A 42-year-old Hazara asylum seeker is scheduled to be forcibly deported to Kabul from Darwin on Monday 14 March after appeals to the Minister for Immigration were rejected. The case once again highlights the deep flaws in the refugee determination process and the system of Ministerial discretion.

The Hazara man was first rejected at the Refugee Review Tribunal in March 2013. “There needs to be an appeal process that can deal with the fact that changed circumstances, in this case three years, can make a fundamental difference in any country’s situation, let alone in a country like Afghanistan,” said Ian Rintoul, spokesperson for the Refugee Action Coalition. “Afghanistan wasn’t safe in 2013. The situation is so obviously more dangerous in 2016.”

The Australian Department of Foreign Affairs Afghanistan information in February 2016 warns of “the extremely dangerous security situation and the very high threat of terrorist attack”; and that “the frequency of attacks in Kabul, including in the most heavily fortified areas of the capital, has increased significantly in 2015-16 and further attacks are be expected”. “Attacks”, it says, “can occur anywhere, anytime, particularly in Kabul, and the southern and eastern provinces.”

The Hazara asylum seeker will be the first forcible removal to Afghanistan since two Hazaras were forcibly deported in late 2014.

One of them, Zainullah Naseri, was removed in August 2014 on the basis of a December 2012 Refugee Review Tribunal decision.

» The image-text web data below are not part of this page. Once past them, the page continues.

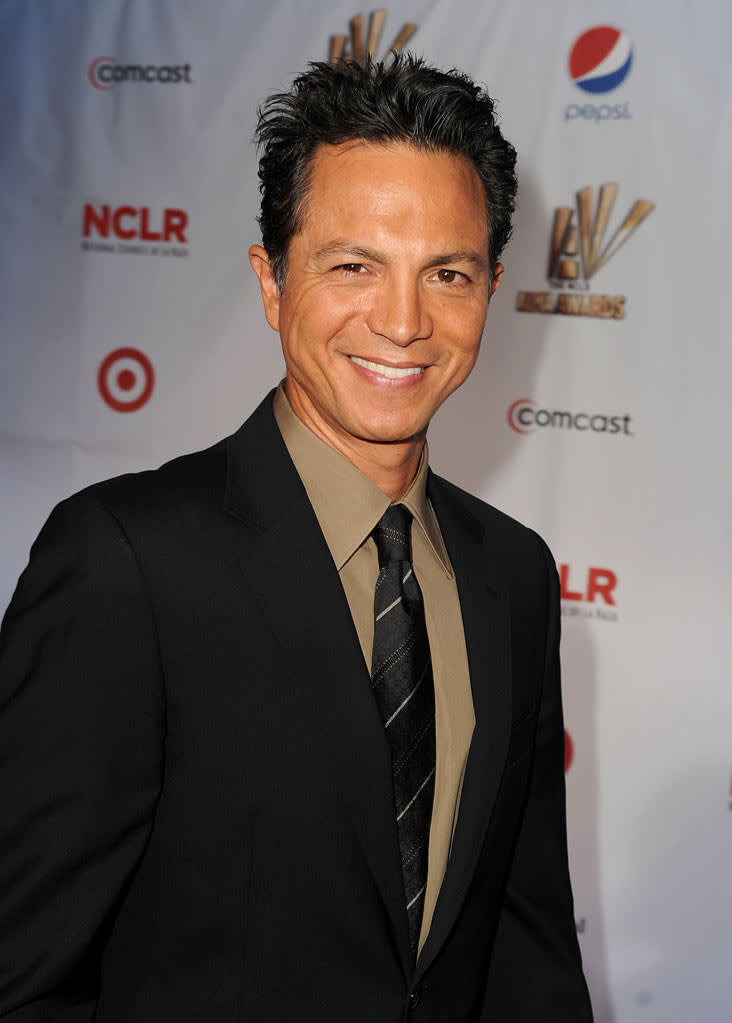 Benjamin Bratt ALMA Awd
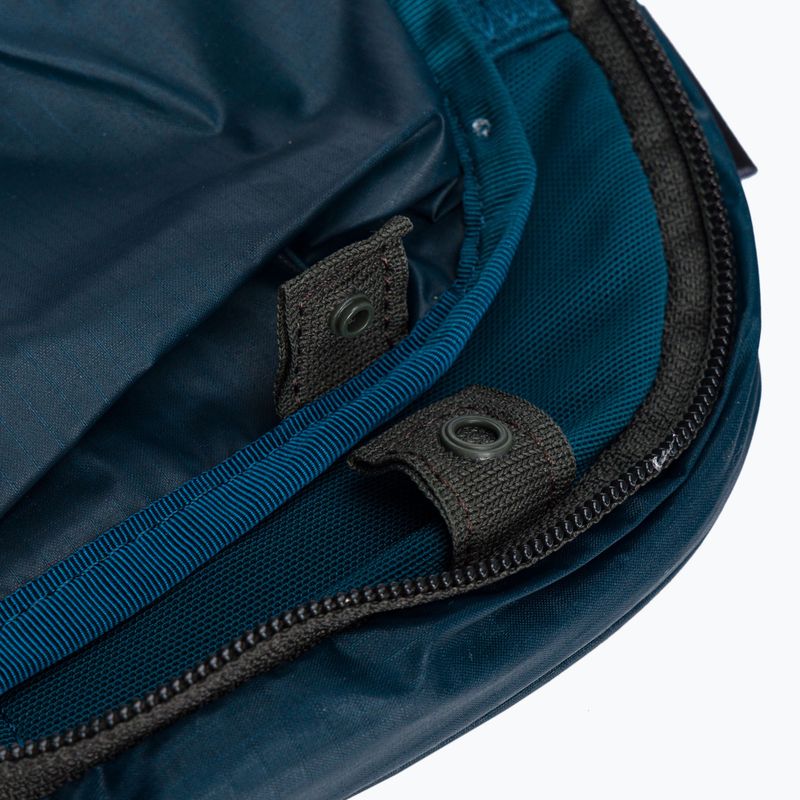 Косметичка туристична Osprey Ultralight Washbag Zip синя 10003930 3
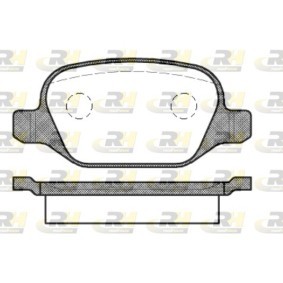 Bremsbeläge 2727.10 von ROADHOUSE günstig für 31,09 € online kaufen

Following his return he was seized by the Taliban when attempting to travel to his home village along a road about which the Tribunal had stated that “the level of risk does not reach the threshold of a real chance”.

“The flaws that were obvious in the refugee determination process then have not been fixed. The dangers in Afghanistan are even greater now,” said Rintoul, “We urge the Minister to use his wide discretionary powers to reconsider this case and halt this removal.”